If there are pending jobs, ideally we want to call into the driver,
so that it can release resources it may be holding for those.
The idea behind "pending" is that they are pending in the hardware
and we don't know their state until signalled/the callback called.
(Or unless the device is reset and we get a notification of that fact.)

That's what the job->free_job() callback does, then the driver is free
to do whatever it wants with those jobs. A driver could opt to
synchronously kill those jobs (if it can) or account for them
separately/asynchronously.

What this patch basically says is that if you destroy a scheduler with
pending jobs, it immediately considers them terminated with an error,
and returns ownership back to the driver for freeing. Then the driver
can decide how to handle the rest and whatever the underlying hardware
state is.

Explicitly detach all jobs from their completion callbacks and free
them. This makes it possible to write a sensible safe abstraction for
drm_sched, without having to externally duplicate the tracking of
in-flight jobs.

This shouldn't regress any existing drivers, since calling
drm_sched_fini() with any pending jobs is broken and this change should
be a no-op if there are no pending jobs.

While this statement is true on its own, it kind of contradicts
the premise of the first paragraph.

I mean right *now* it's broken, before this patch. I'm trying to make it
safe, but it shouldn't regress any exiting drivers since if they trigger
this code path they are broken today.

Not sure about other drivers--they can speak for themselves and the CC list
should include them--please use "dim add-missing-cc" and make sure
that the Git commit description contains the Cc tags--then git send-email
will populate the SMTP CC. Feel free to add more Cc tags on top of that.
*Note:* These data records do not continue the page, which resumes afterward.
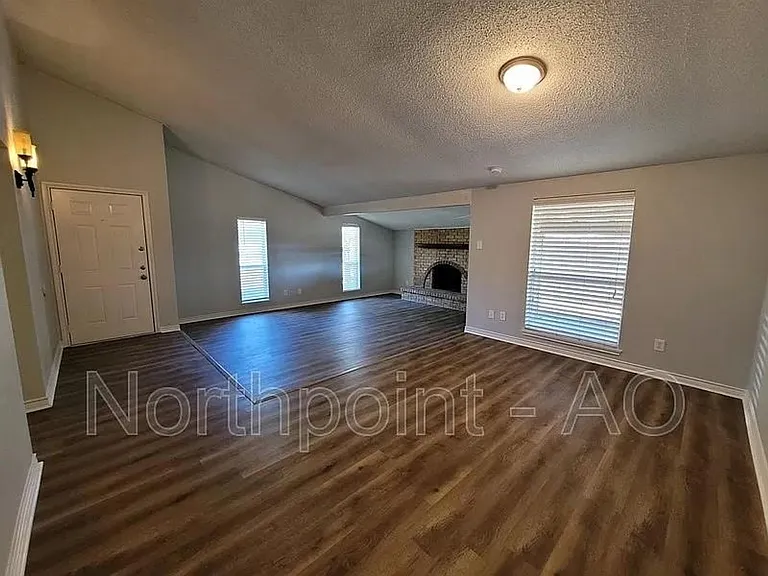 1362 Applegate Dr — Photo 5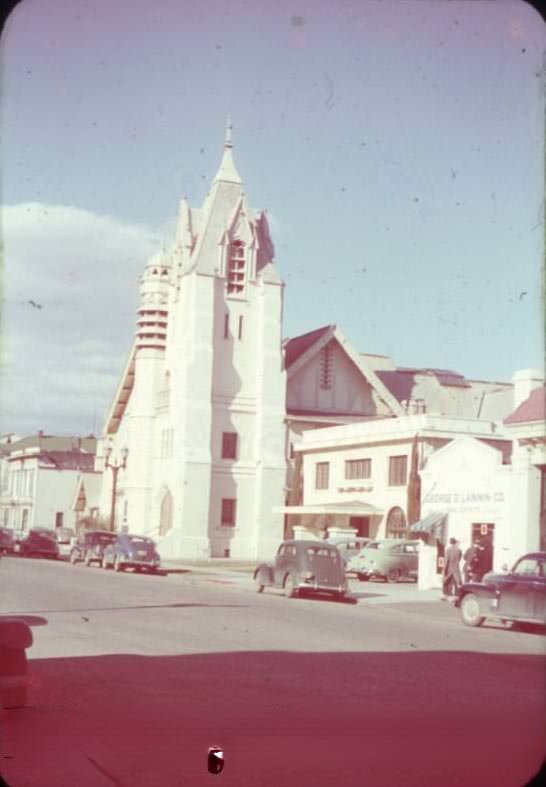 Church located at 60 North Third. George D. Lannin Company real estate and insurance is next to it at 34 North Third, 1949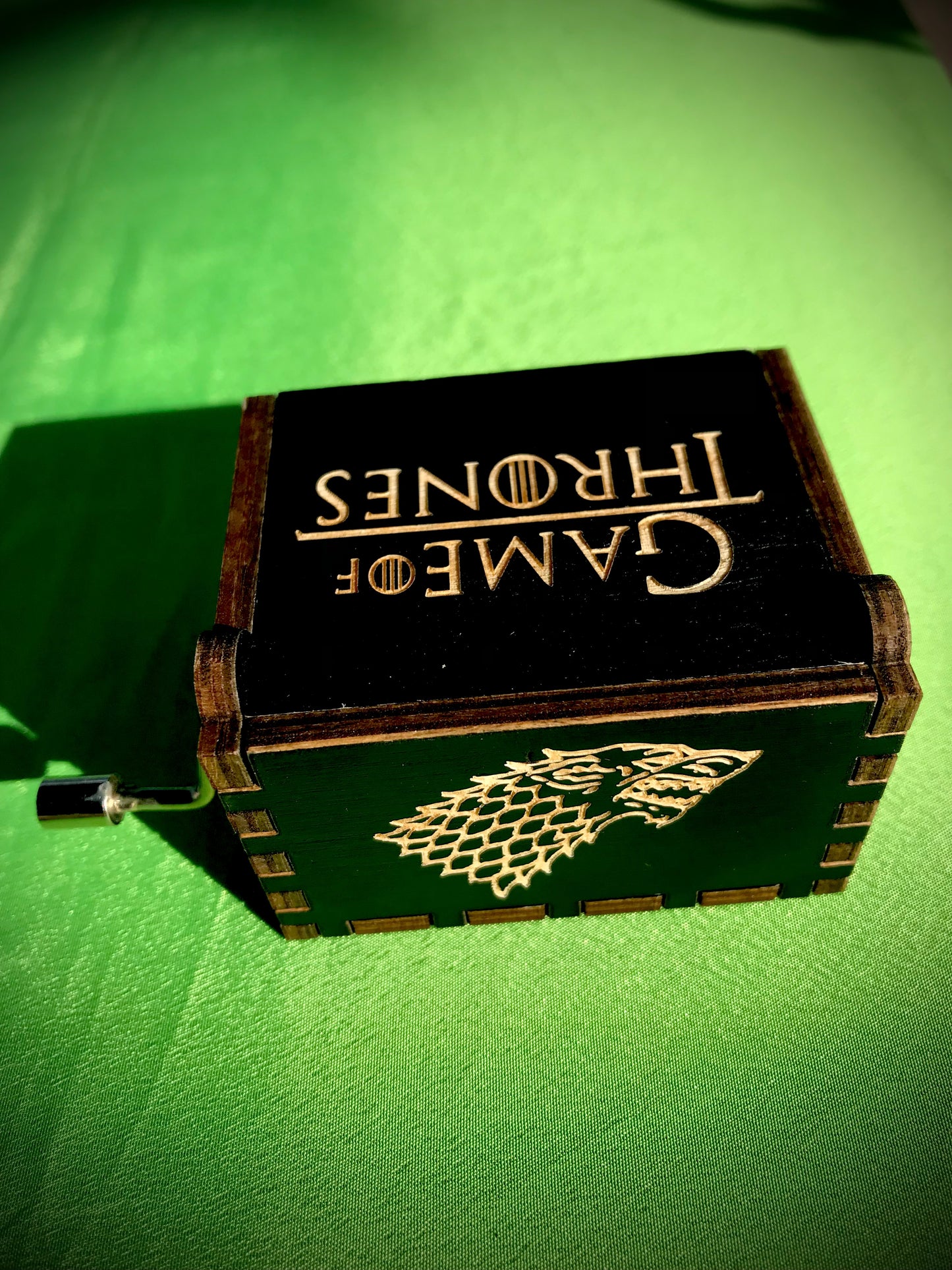 Game of Throne show wooden music box of the classic from the popular tv show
I use `b4 prep -c` which I think does the same thing? I just ran it again and it only added 'linaro-mm-sig@xxxxxxxxxxxxxxxx', not sure why that one wasn't there. Am I missing anything else?
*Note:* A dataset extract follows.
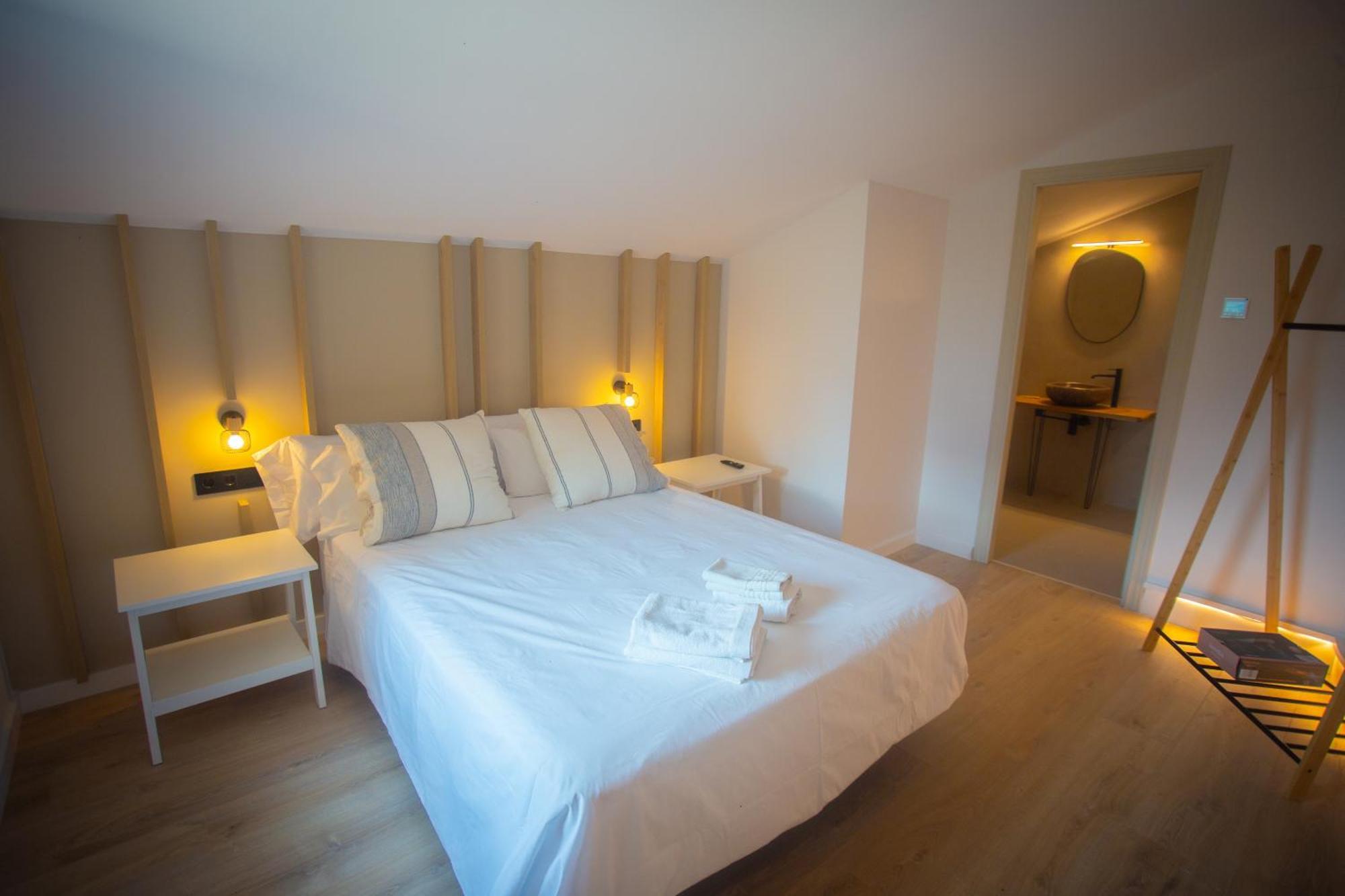 L'Indret Del Pedraforca Adults Only Hotel Saldes Luaran gambar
Signed-off-by: Asahi Lina <lina@xxxxxxxxxxxxx>
---
drivers/gpu/drm/scheduler/sched_main.c | 32 ++++++++++++++++++++++++++++++--
1 file changed, 30 insertions(+), 2 deletions(-)

diff --git a/drivers/gpu/drm/scheduler/sched_main.c b/drivers/gpu/drm/scheduler/sched_main.c
index 1f3bc3606239..a4da4aac0efd 100644
--- a/drivers/gpu/drm/scheduler/sched_main.c
+++ b/drivers/gpu/drm/scheduler/sched_main.c
@@ -1186,10 +1186,38 @@ EXPORT_SYMBOL(drm_sched_init);
void drm_sched_fini(struct drm_gpu_scheduler *sched)
{
struct drm_sched_entity *s_entity;
+ struct drm_sched_job *s_job, *tmp;
int i;
- if (sched->thread)
- kthread_stop(sched->thread);
+ if (!sched->thread)
+ return;
+
+ /*
+ * Stop the scheduler, detaching all jobs from their hardware callbacks
+ * and cleaning up complete jobs.
+ */
+ drm_sched_stop(sched, NULL);
+
+ /*
+ * Iterate through the pending job list and free all jobs.
+ * This assumes the driver has either guaranteed jobs are already stopped, or that
+ * otherwise it is responsible for keeping any necessary data structures for
+ * in-progress jobs alive even when the free_job() callback is called early (e.g. by
+ * putting them in its own queue or doing its own refcounting).
+ */
+ list_for_each_entry_safe(s_job, tmp, &sched->pending_list, list) {
+ spin_lock(&sched->job_list_lock);
+ list_del_init(&s_job->list);
+ spin_unlock(&sched->job_list_lock);
+
+ dma_fence_set_error(&s_job->s_fence->finished, -ESRCH);
+ drm_sched_fence_finished(s_job->s_fence);

I'd imagine it's better to rebase this on top of drm-misc-next where
drm_sched_fence_finished() takes one more parameter--the error.

Ah, sure! I can do that.

It's worth posting it as a stand-alone patch. Please make sure to add Cc tags
into the commit description--use "dim add-missing-cc", perhaps also
git-blame and git-log might help with additional Cc. "scripts/get_maintainer.pl"
for files unaffected by this commit. (dim add-missing-cc uses get_maintainer.pl
for affected files.)

Feel free to post it stand-alone and we'll let the natural review process take over. :-)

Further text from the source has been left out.